You can only cross cover items that have the same sampling event. To overcome this limitation, define a secondary cover point with the common sampling event. For example, if you want to include a field car1.speed in a cross with other items that are sampled at the start of a scenario, you have to define a second field with that sampling event and cover the second field. The reason is that the default sampling event for car1.speed is end, not start.
var speed1:= sample(car1.state.speed, @start) with:
cover(speed1, unit:kph)
See complete example.
record()
Define a performance metric or other data collection point. Any scalar or string value can be captured by record().
Struct, actor, or scenario member
Note
record() is also allowed in the with block of field declarations.
record([name: ] <name>
[, expression: <exp>]
[, <param>* ])
<name>- (Required) Is a user-defined identifier composed of any number of characters A–Z, a-z, 0-9, and underscore (_). Identifiers beginning with a digit or an underscore are not allowed.
<exp>- (Optional) Is an expression using objects in the enclosing construct. The expression must be of scalar type. The value of the record item is the value of the expression when the record group event occurs. If <exp> is not provided, the expression is derived from the name.
<param>*- (Optional) See cover() and record() parameters.

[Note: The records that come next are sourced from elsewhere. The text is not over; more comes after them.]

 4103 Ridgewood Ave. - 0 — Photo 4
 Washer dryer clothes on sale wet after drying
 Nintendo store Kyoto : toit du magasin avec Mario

record() is used to capture performance indicators and other data items that are not part of the coverage model, such as the name and version strings identifying the SUT. Record metrics are typically raw, and thus require interpretation or a user-defined formula for grading.
The purpose of performance evaluation is to see how well the AV performed in specific conditions as they occur within a test. Performance is evaluated along multiple dimensions, like safety, ride comfort and so on.

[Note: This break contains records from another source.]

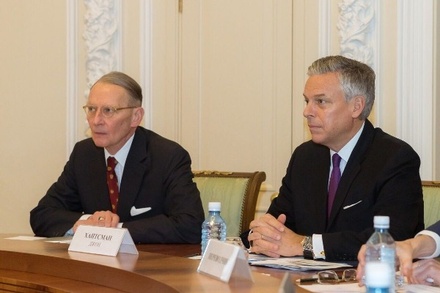 Посол США Хантсман встретился с губернатором Свердловской области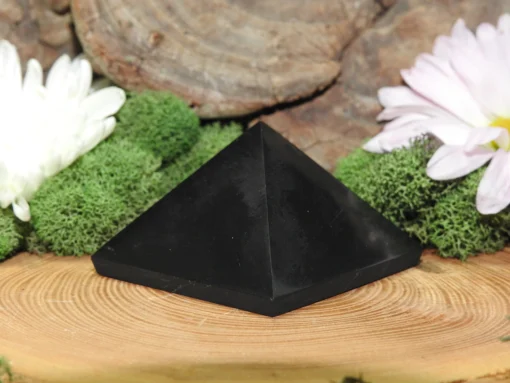 Shungite Pyramid - Image 3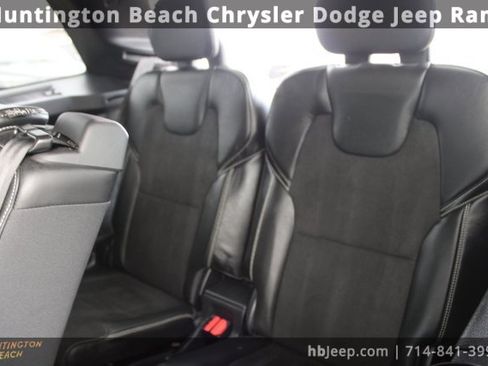 Used 2019 Volvo XC90 T8 R-Design w/ Advanced Package image 32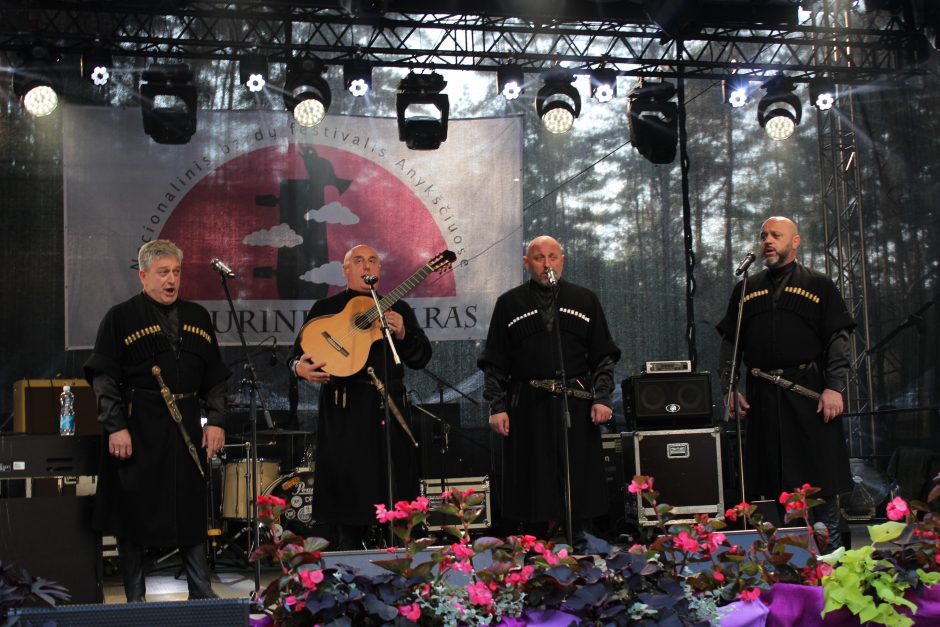 Festivalio „Purpurinis vakaras“ klausytojus pakėlė lietuviškai uždainavę gruzinai 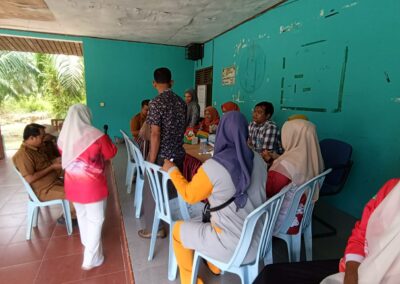 SKRINING KEBUGARAN JASMANI DAN CEK KESEHATAN GRATIS (CKG) DARI UPT PUSKESMAS TENGGAYUN DI DESA API – API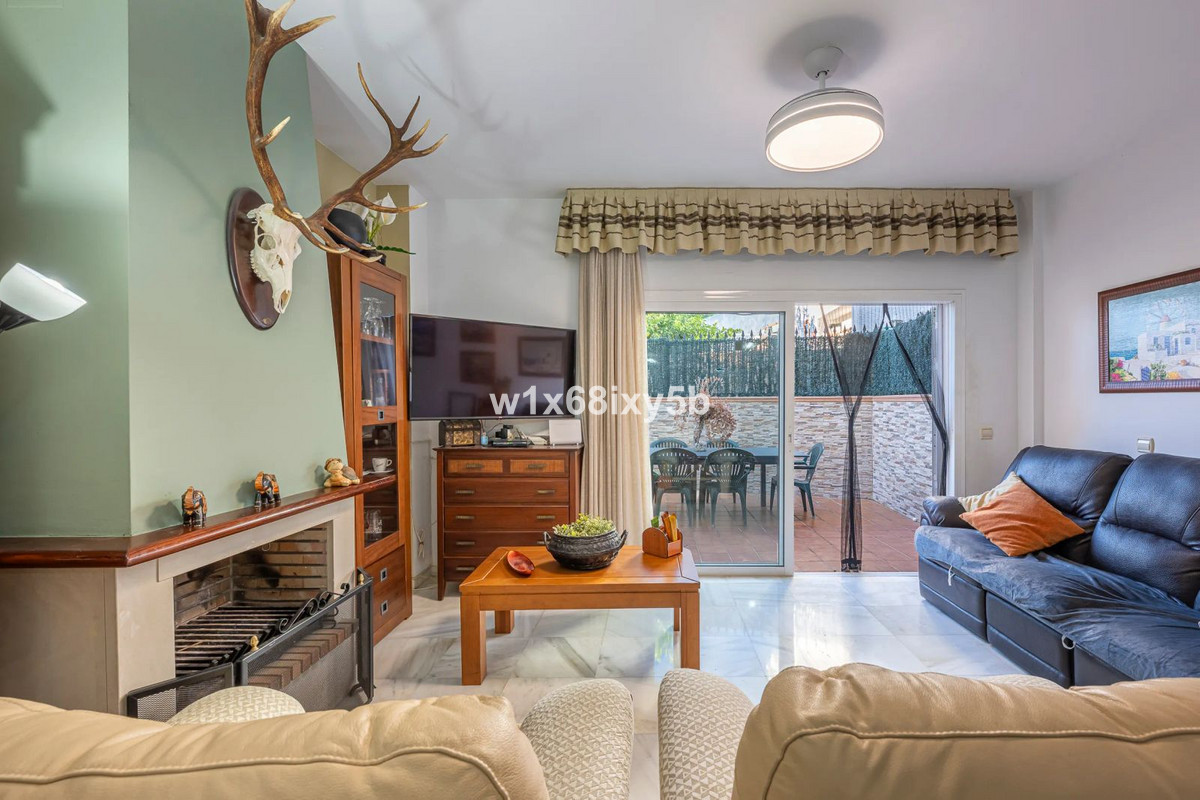 3 Bedroom Townhouse in Estepona - Фото 5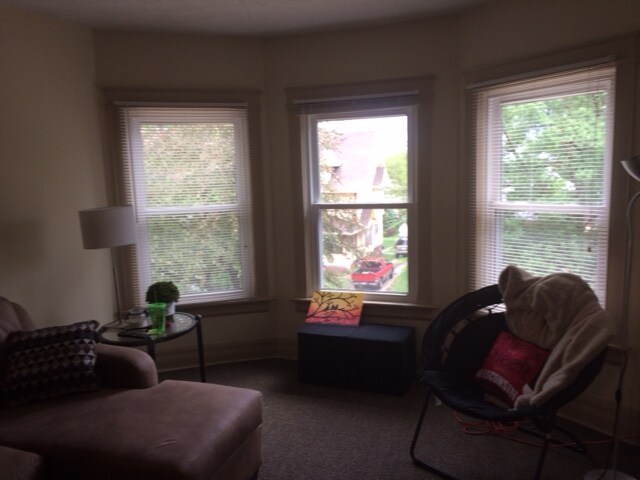 Building Photo - 124 N 38th Ave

Performance metrics can provide pass/fail indication: sampled values that cross a specified threshold will raise an error message, indicating that the SUT (System Under Test) performance was outside the acceptable range.
KPIs or Key Performance Indicators are the raw metrics measured to see how well the AV performed. There can be safety-related KPIs (such as min-Time-To-Collision or min-TTC, measured in seconds), comfort-related KPIs (such as max-deceleration, measured in meter/second2), and so on.

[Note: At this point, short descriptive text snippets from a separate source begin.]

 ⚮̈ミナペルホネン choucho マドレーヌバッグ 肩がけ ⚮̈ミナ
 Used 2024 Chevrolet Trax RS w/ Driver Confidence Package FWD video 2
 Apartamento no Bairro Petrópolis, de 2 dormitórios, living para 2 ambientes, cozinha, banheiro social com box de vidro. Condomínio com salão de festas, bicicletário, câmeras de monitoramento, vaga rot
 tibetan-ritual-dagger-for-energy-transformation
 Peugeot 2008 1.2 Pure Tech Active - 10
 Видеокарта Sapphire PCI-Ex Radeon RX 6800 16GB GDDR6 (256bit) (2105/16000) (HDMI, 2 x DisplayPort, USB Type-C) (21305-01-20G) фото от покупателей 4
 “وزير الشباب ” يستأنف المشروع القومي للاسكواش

Often, raw KPI values need to be interpreted in the context of a specific scenario. For example, it may be acceptable to cross the max-deceleration threshold if emergency braking is required. For this purpose, raw KPIs are converted to performance grades. A performance grade (also called a normalized KPI) is a context-dependent number between 0 ("really bad") and 1 ("excellent") that is attributed to some aspect of the SUT behavior. This grade is computed using a user-defined grading formula, which converts one or more raw KPIs into a grade in a context-dependent way.
See Also: Defining Key Performance Indicators.
The following example shows record() used to capture time-to-collision into the metric group associated with the end of a change-lane maneuver.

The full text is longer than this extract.